To convert these data into management strategies, I use machine learning algorithms on seven years of EMR data at Mount Sinai to precisely estimate the marginal cost per patient of Clostridium difficile infection, helping to anchor a cost-benefit analysis for selecting interventions and surveillance investments. Finally, in a more futuristic study, I integrate RNA-seq, mass cytometry, and multiplexed immunoassay data to comprehensively profile the human immune response to chikungunya virus, a re-emerging arthritogenic arbovirus, which reveals a significant role for monocytes and novel biomarkers for clinical outcomes like symptom severity and immunogenicity. Because of the many applications for multiscale analysis I establish in this dissertation, I conclude that it is indeed transforming infectious diseases.
Four chapters of this thesis were published, after reformatting and revisions, as individual peer-reviewed articles. Citations for those publications are as follows:
Chapter 1: Pak TR, Kasarskis A. “How next-generation sequencing and multiscale data analysis will transform infectious disease management.” Clin Infect Dis. 2015 Aug 6. pii: civ670. doi:10.1093/cid/civ670. [PDF]
Chapter 2: Pak TR, Altman DR, Attie O, Sebra R, Hamula CL, Lewis M, Deikus G, Newman LC, Fang G, Hand J, Patel G, Wallach F, Schadt EE, Huprikar S, van Bakel H, Kasarskis A, Bashir A. “Whole-genome sequencing identifies emergence of a quinolone resistance mutation in a case of Stenotrophomonas maltophilia bacteremia.” Antimicrob Agents Chemother. 2015 Aug 31. pii: AAC.01723-15. doi:10.1128/AAC.01723-15. [PDF]
Chapter 5: Pak TR, Chacko KI, O’Donnell T, Huprikar S, van Bakel H, Kasarskis A, Scott ER. “Estimating local costs associated with Clostridium difficile infection using machine learning and electronic medical records.” Infect Control Hosp Epidemiol. 2017 Dec;38(12):1478-1486. doi:10.1017/ice.2017.214. [PDF]
Chapter 6: Michlmayr D,* Pak TR,* Rahman A, Amir ED, Kim E-Y, Kim-Schulze S, Suprun M, Stewart MG, Thomas G, Balmaseda A, Wang L, Zhu J, Suarez-Farinas M, Wolinsky SM, Kasarskis A, Harris E. “Comprehensive innate immune profiling of chikungunya virus infection in pediatric cases.” Mol Syst Biol. 2018 Aug; 14(8): e7862. doi:10.15252/msb.20177862. [PDF]

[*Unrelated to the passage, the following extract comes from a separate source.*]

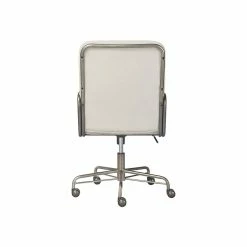 Finch Franklin Bonded Leather Computer And Desk Chair, Cream White (CHR10060D) 14 Finch Franklin Bonded Leather Computer And Desk Chair, Cream White (CHR10060D) -Office Chairs Shop unnamed file 498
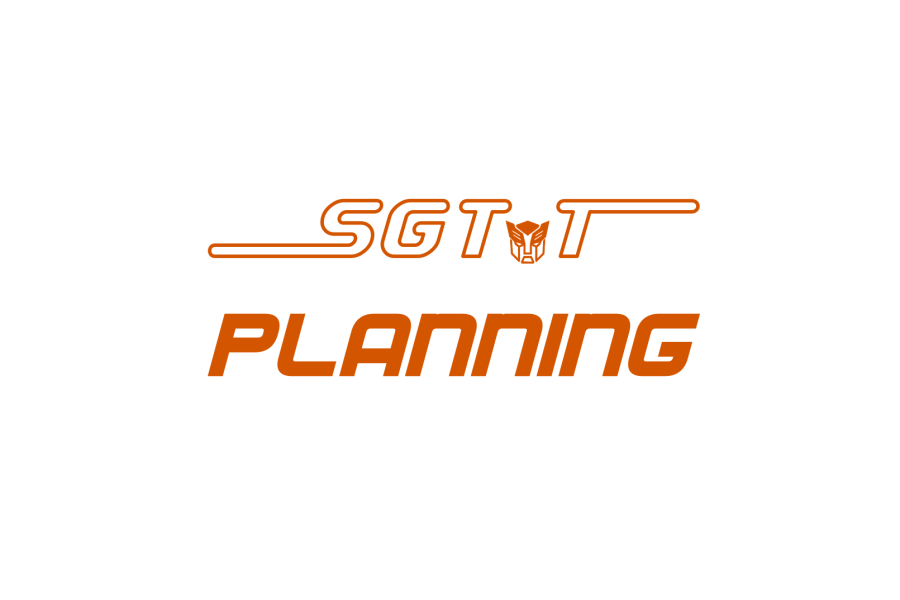 SGTT PLANNING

* denotes equal authorship.
The full source code for typesetting this thesis is available on GitHub.
You might find it useful if you are trying to format your own thesis in LaTeX, although my approach is somewhat specific to the ISMMS formatting guidelines. I hereby disclaim any responsibility for the amount of procrastination said code enables in the course of writing your own dissertation.